» **About this task**: The full listing, returned exactly and free of pictures, is the expected answer.

» **Input data**:
::::
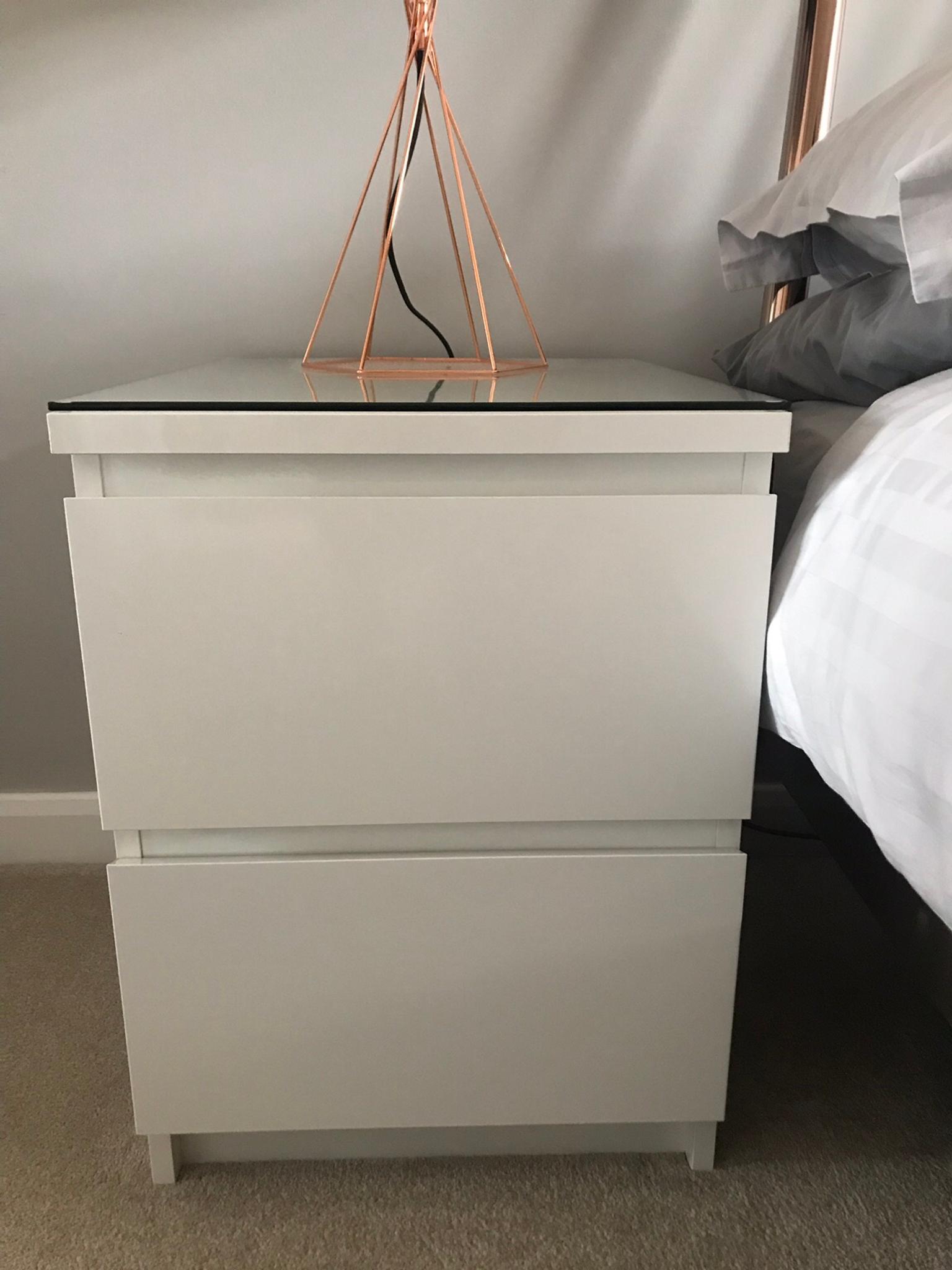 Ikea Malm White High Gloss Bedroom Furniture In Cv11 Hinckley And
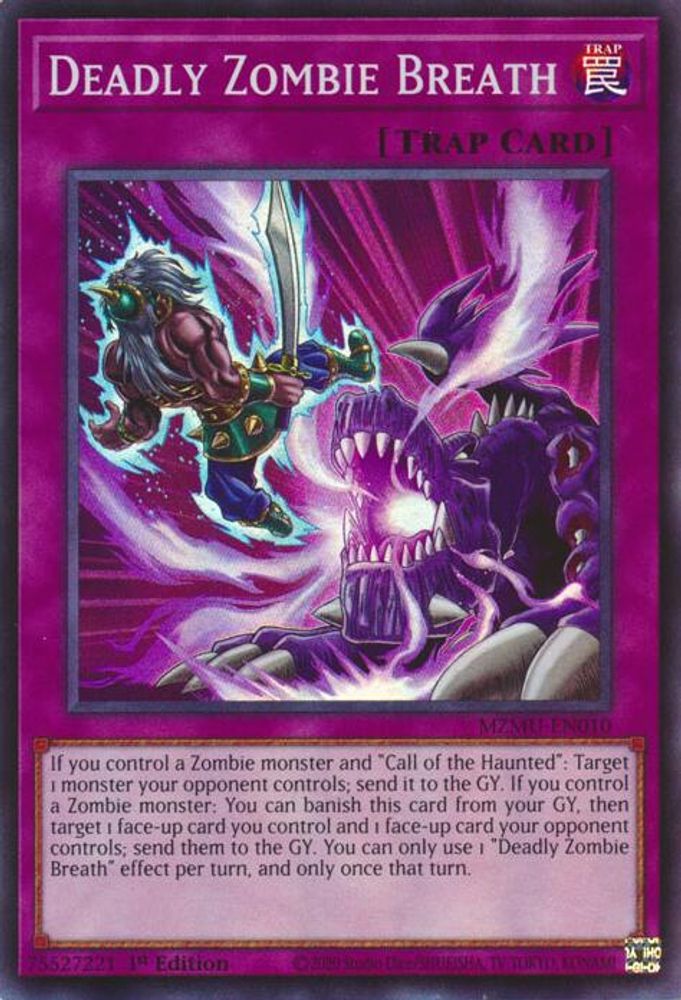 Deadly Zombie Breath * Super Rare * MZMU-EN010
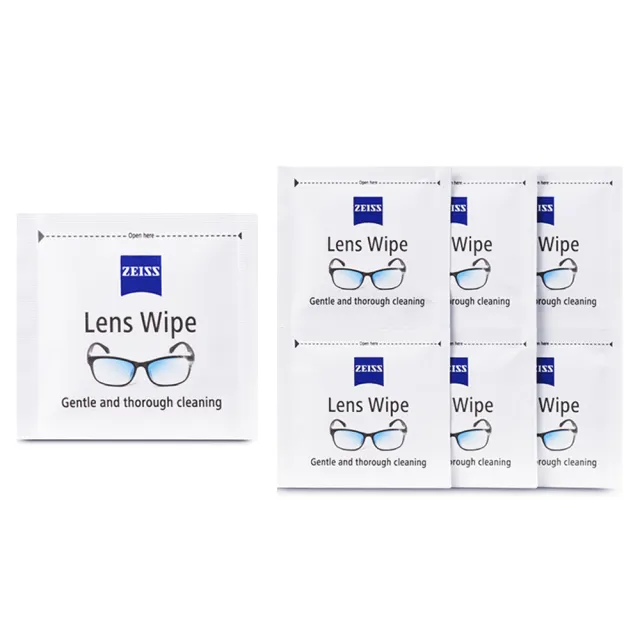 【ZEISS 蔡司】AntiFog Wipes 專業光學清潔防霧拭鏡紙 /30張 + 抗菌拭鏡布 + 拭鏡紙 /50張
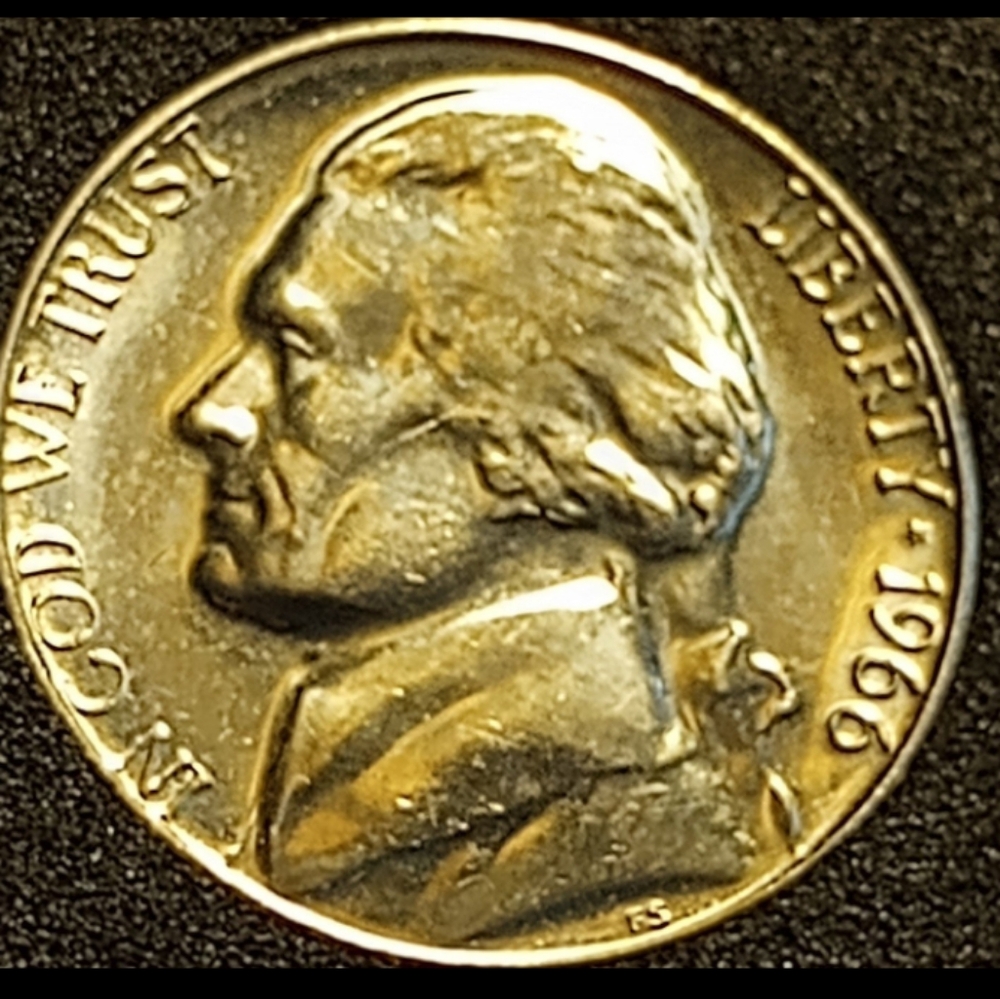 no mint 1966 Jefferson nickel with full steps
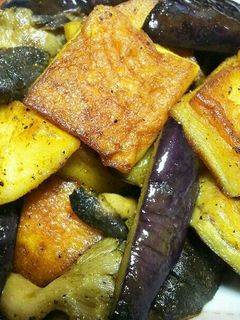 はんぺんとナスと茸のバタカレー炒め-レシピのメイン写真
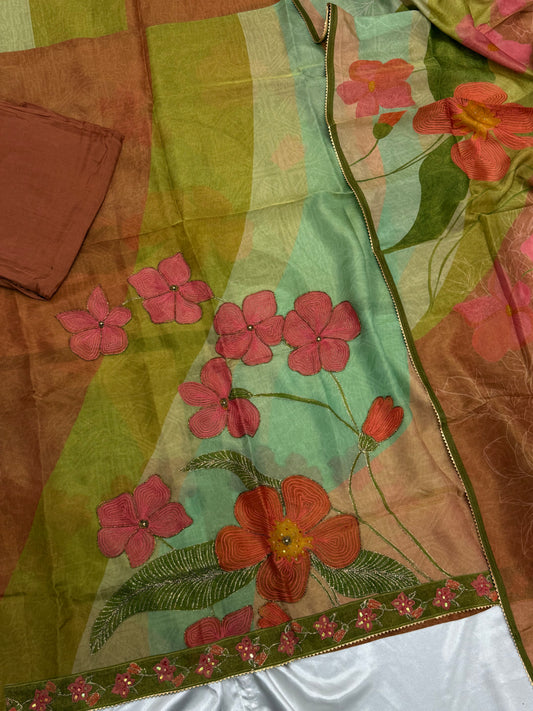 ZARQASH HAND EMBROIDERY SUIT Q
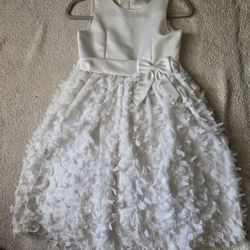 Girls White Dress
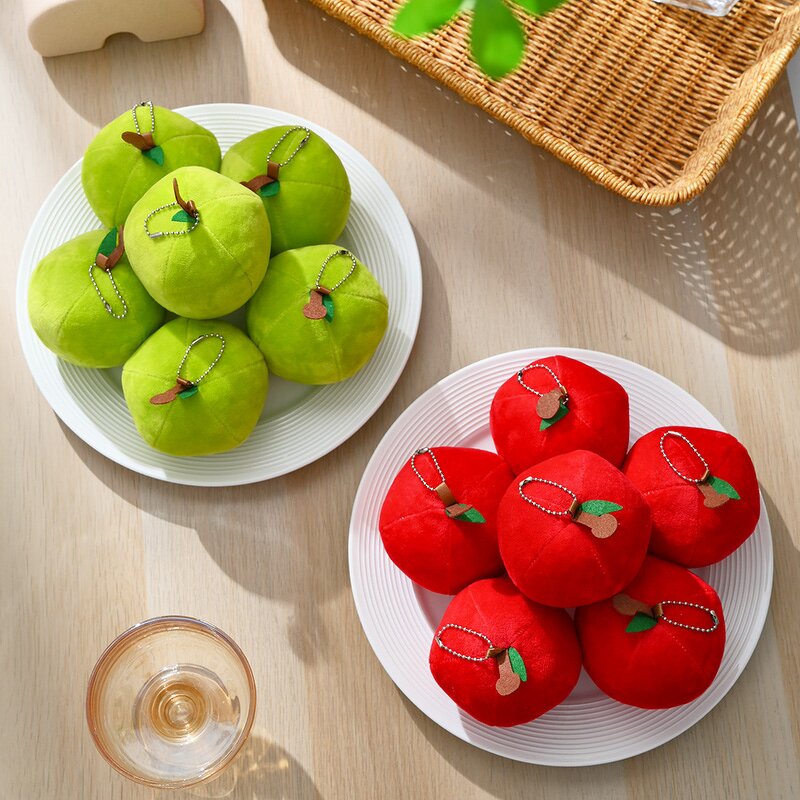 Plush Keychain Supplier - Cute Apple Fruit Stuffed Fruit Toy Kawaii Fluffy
::::
» **Exercise answer**:
 Ikea Malm White High Gloss Bedroom Furniture In Cv11 Hinckley And
 Deadly Zombie Breath * Super Rare * MZMU-EN010
 【ZEISS 蔡司】AntiFog Wipes 專業光學清潔防霧拭鏡紙 /30張 + 抗菌拭鏡布 + 拭鏡紙 /50張
 no mint 1966 Jefferson nickel with full steps
 はんぺんとナスと茸のバタカレー炒め-レシピのメイン写真
 ZARQASH HAND EMBROIDERY SUIT Q
 Girls White Dress
 Plush Keychain Supplier - Cute Apple Fruit Stuffed Fruit Toy Kawaii Fluffy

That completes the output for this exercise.